専門医+エキスパートに聞くよりよい服薬指導のための基礎知識

【逆流性食道炎】意外に多い相互作用と重複投与 薬剤師のチェック機能に期待

2017年3月号
逆流性食道炎 Part2 意外に多い相互作用と重複投与 薬剤師のチェック機能に期待の画像
胃から食道への酸逆流が引き金となって発症する逆流性食道炎は良性疾患だが、胸やけ、呑酸症状は患者のQOLを著しく低下させる。酸逆流の主なメカニズムは一過性の下部食道括約筋(LES)の弛緩であることから、食道内の過剰な酸曝露時間を正常化する薬物療法と、一過性LES弛緩を誘発しない生活指導がポイントである。今回は、日本医科大学大学院 医学研究科 消化器内科学 大学院教授の岩切勝彦氏に逆流性食道炎の原因、薬物療法、生活指導などについて解説していただいた。また、日本医科大学付属病院 薬剤部の林 太祐氏には、治療に用いられるプロトンポンプ阻害薬(PPI)と他薬剤の相互作用、薬物療法を行っている患者への指導法などについて聞いた。
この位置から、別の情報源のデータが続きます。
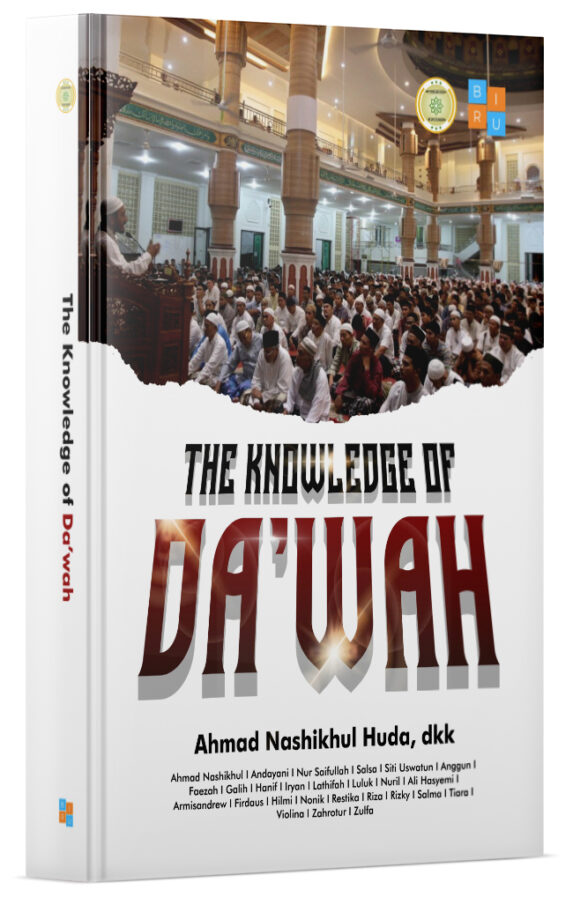 The Knowledge of Da’wah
Part2 意外に多い相互作用と重複投与 薬剤師のチェック機能に期待

H2ブロッカーとPPIまたはPPIとPPIの重複投与に注意

逆流性食道炎は、高齢者だけでなく、ストレスや食事の欧米化の影響により中年層にも少なからずみられる。
逆流性食道炎では、第一選択薬であるPPIの他、胃内容物の滞留時間を低減する目的で、消化管運動機能改善薬や漢方薬の六君子湯が用いられることが多く、制酸剤やアルギン酸塩も使用されている。
これらの薬剤は比較的副作用が少なく、定期的な血液像、肝機能障害のチェックは必要だが、それほど心配する必要はない。ただ、「PPIは比較的下痢の頻度が高く、中には消化剤を併用している患者さんも少なくないようです。やはり、維持療法で長期に服用している患者さんでは胃もたれ感を抱く方がいるのではないでしょうか」と日本医科大学付属病院 薬剤部の林 太祐氏は語る。
逆流性食道炎に用いられる薬剤が処方されている場合、薬剤師はどのような点に注意したらいいだろうか。この点について尋ねると、林氏は、「相互作用と重複投与に注意すべきでしょう。複数の病院を受診している患者さんは、別々の病院から異なるPPIやH2ブロッカーを処方してもらっているケースがみられます。あるいは注射でPPIやH2ブロッカーを使い、内服でPPIを使用しているケースもあります」と話す。
こうしたケースは決して珍しいことではない。PPIはNSAIDs潰瘍の予防にも使えるため、整形外科領域から処方されている場合もある。また低用量のアスピリン処方例にもPPIの適応がある。外来では、PPIは、薬剤性消化性潰瘍の予防薬として位置づけられているため、循環器内科や神経内科外来などにおける低用量のアスピリン処方例でPPI使用頻度は高い。
このような場合、保険薬局でのチェック方法は、第一に「おくすり手帳」での履歴チェックである。患者の中には病院ごとに異なる「おくすり手帳」を持っている人もいる。一冊にまとめてもらうのが望ましいが、複数の「おくすり手帳」を持っているかどうかの確認も必要だ。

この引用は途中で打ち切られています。